Why I say mastery is because I’m hearing so much technical
skill, required for this kind of music. It’s new music that
reaches sounds and images with technical perfection, from the trilling
air of a flighty fantasy to pounding machinery in cotton mills.
A new era in musicianship
Jalbert represents a new era in musicianship – dynamic, complex,
precise, diverse, willing to take risks, and daring enough to work
with new and under-performed music. Still only in his mid-twenties,
Jalbert is an accomplished musician who not only plays Bach, Mozart
and Chopin, but with agile dexterity gets his fingers and hands
around John Corigliano’s “Etude Fantasy” and “Fantasia
on an Ostinato”.
“Etude Fantasy” is described as a set of five studies
combined into the episodic form and character of a fantasy. Here’s
where the fingers and hands really get put to the test. The CD opens
with “Etude No. 1 – For the Left Hand Alone”.

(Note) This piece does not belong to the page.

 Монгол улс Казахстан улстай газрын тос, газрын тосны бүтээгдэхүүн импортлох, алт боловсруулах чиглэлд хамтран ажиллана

Now how does Jalbert do that? Surely the right hand sneaks in there
somewhere? It doesn’t seem possible that he’s only using
his left! The right does make an entry at the end, so the CD jacket
notes indicate, playing a slow chromatic descent into “Etude
No. 2”. It’s the “Etude No. 3” which really
baffles me – a study on a two-note figure, a simple pattern
of a fifth (fingers one and five) contracting to a third (fingers
two and four) and a lot of crossing of hands during the process.
Jalbert pulls it off magnificently. Now after hearing it on CD I’ve
got to see him in action to truly believe it.

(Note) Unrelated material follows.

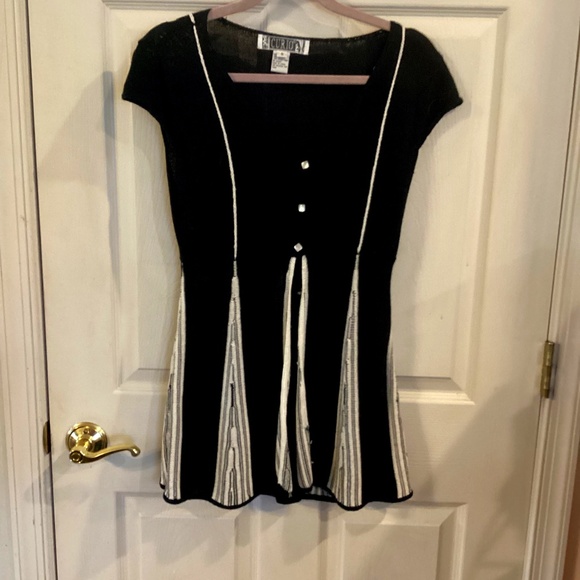 NWOT CURIO sweater vest tunic small - Picture 1 of 4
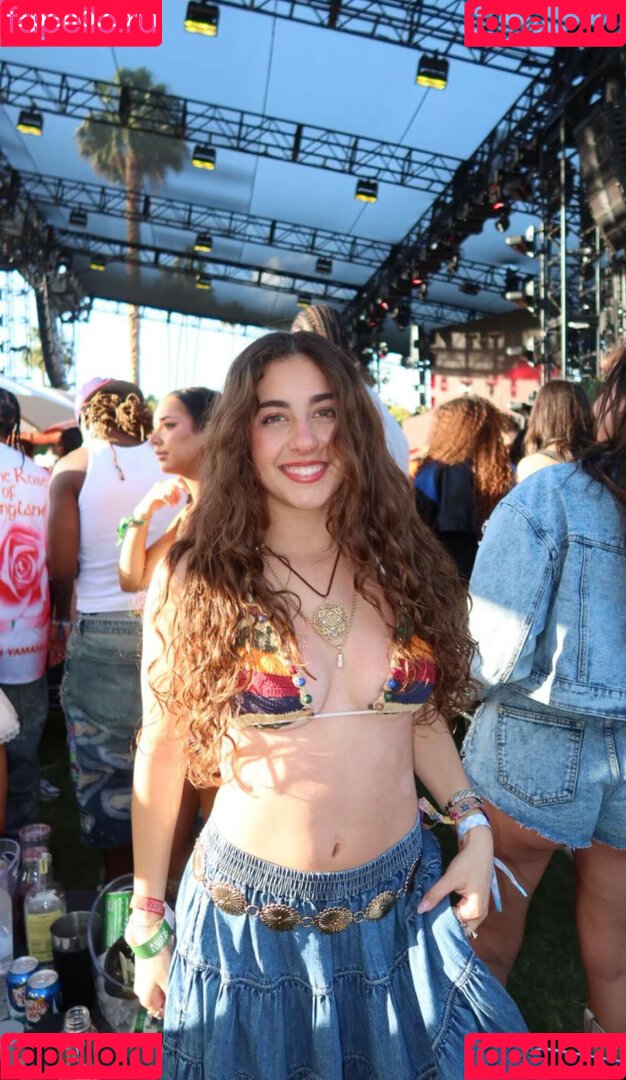 Gianina Onlyfans Photo Gallery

Delicacy and passionate intensity
Another thing that puzzles me with this new music is that in Corigliano’s
notes there’s no mention of imagery, or feeling, except with
regards to the finale where “here the atmosphere is desolate
and non-climactic”. The jacket notes are purely technical.
It’s Jalbert himself who gives feeling through his performance,
his interpretation, as is evident in each intricate phrase, in the
delicacy or passionate intensity of his touch and fingering which
resonates through the piano keys to the strings.

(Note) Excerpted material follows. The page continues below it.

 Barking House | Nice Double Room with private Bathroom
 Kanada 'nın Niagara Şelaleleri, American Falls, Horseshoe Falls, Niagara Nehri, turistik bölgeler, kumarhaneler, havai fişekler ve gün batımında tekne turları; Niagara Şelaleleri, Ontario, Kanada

Winnsboro Cotton Mill Blues
This is a genre of music I have a bit of a hard time relating to.
But, not to say that I won’t give it a try. Still, I’m
sitting here almost hypnotised – by the rhythms, the colours,
the phrases of Frederic Rzewski’s “North American Ballads”,
four melodies based on folk songs which bear some relation to the
American Labour movement. I am particularly mesmerised by “Winnsboro
Cotton Mill Blues”. It’s a wonder how Jalbert keeps
up the pace, the repetitious pounding of cotton milling machines
while holding melody. In my mind I’m seeing a factory, the
workers - the air of intense labour. And as I see this I feel the
intensity of Jalbert’s focus and musicianship. In fact, I
saw Jalbert perform this piece as a showcase at Pacific Contact
in Vancouver last April (2003). I thought I recognized it. I was
thoroughly impressed with the sounds he created on the piano. They
were amazing. And the feeling – powerful, intense!
Fantasia on an Ostinato
That intensity of Jalbert’s focus is felt throughout the
recording, particularly in Corigliano’s “Fantasia on
an Ostinato” which is based on a repetitive passage in Ludwig
van Beethoven’s Symphony No. 7, the same phrase repeated throughout
the movie Immortal Beloved. This piece is really moving in on me,
just like Beethoven’s passage weaves in and out, subtly. It
starts out very quietly, repetitively, then builds, only to fade
at the end, gently, serenely, softly, on a single repeated note.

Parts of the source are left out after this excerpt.